**THE TASK:** Starting at the line with "中国消费者协会注册3.15,315商标显" and stopping at the final line, retype the data below exactly; do not carry over any pictures.

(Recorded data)
══════════

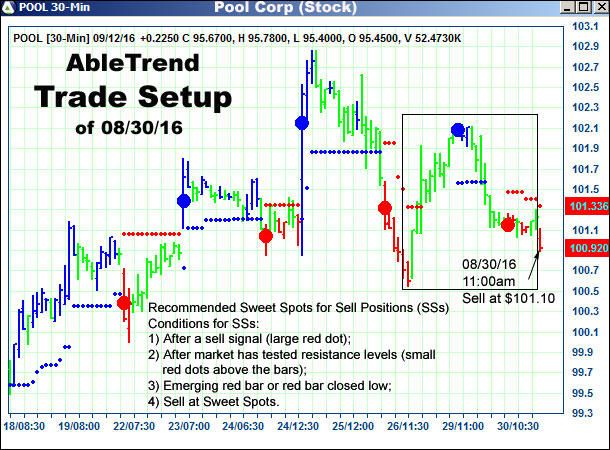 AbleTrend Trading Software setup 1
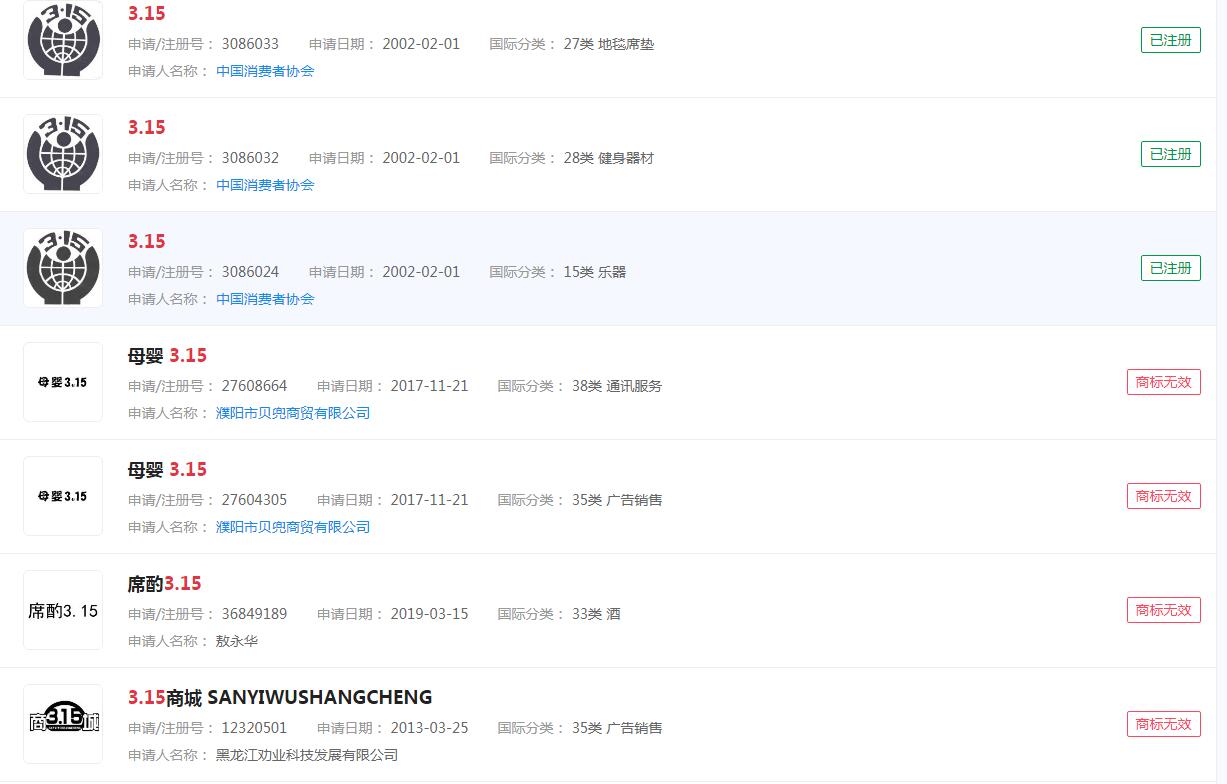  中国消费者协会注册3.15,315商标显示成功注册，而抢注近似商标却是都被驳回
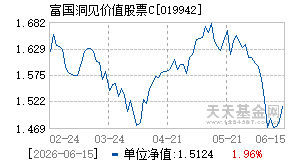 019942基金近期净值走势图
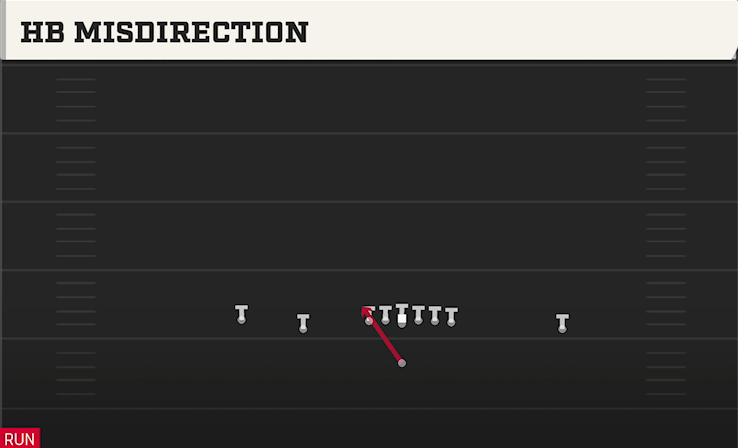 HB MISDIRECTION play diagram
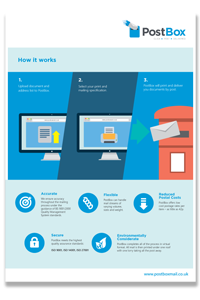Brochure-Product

══════════

**EXERCISE SOLUTION:**
  中国消费者协会注册3.15,315商标显示成功注册，而抢注近似商标却是都被驳回
 019942基金近期净值走势图
 HB MISDIRECTION play diagram
Brochure-Product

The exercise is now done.